Il Massaggio Tradizionale Thailandese è una tecnica di antica ispirazione indiana che si è sviluppata nel corso dei secoli e consolidata nella cultura popolare tailandese.
Lo stile integrale del Wat-Po è quello insegnato nell’antico tempio di WAT-PO a Bangkok, ancora oggi una delle più importanti scuole al mondo, e i monaci che lo animano sono i depositari della medicina tradizionale thai.
Il Massaggio Thailandese si pratica a terra, su di un sottile tappeto, con la persona massaggiata vestita con abiti comodi (larghi o elastici), in ambiente accogliente e rilassante.
Il massaggio si pratica portando pressioni mediante diverse tecniche semplici e complesse quali i palmi, i pollici, i gomiti, la pianta dei piedi ed il ginocchio su percorsi energetici (SEN) che decorrono lungo tutto il corpo e con le posizioni supina, fianco, prona e seduta del ricevente.
Oltre alle pressioni si praticano anche degli allungamenti che stimolano la muscolatura e le articolazioni principali.
Può essere più o meno rivitalizzante a seconda delle preferenze di chi lo riceve come prevede la tradizione thai.
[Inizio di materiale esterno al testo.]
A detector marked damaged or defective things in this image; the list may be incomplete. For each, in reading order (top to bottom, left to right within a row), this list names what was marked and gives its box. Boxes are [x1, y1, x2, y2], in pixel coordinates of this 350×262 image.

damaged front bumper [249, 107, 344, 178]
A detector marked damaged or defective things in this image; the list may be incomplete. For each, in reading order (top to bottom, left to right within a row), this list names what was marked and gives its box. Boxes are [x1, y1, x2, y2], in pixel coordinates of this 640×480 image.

Non si usano oli né essenze e viene svolto a terra su materassini morbidi.
Il Massaggio Tailandese Tradizionale ha origini molto antiche ed affonda le sue radici nelle conoscenze ayurvediche . Fu ideato infatti da Jivaka Kumar Bhaccha (Shivaga Komarpaj), un famoso medico dell'India settentrionale vissuto nel 500 a.C., contemporaneo ed amico di Buddha nonché medico personale di Bimbisara, re di Magadha.
Successivamente, si presume fra il 3° ed il 2° sec. a.C., questa tecnica giunge in Thailandia, grazie ai monaci buddisti, e diviene quello che oggi chiamiamo "Massaggio Tailandese Tradizionale", Nuad Phaen Boran (letteralmente "massaggio antico").
Una seduta dura all’incirca un’ ora, ma è possibile concordare con l’operatore sedute di durata maggiore, anche di 2 ore.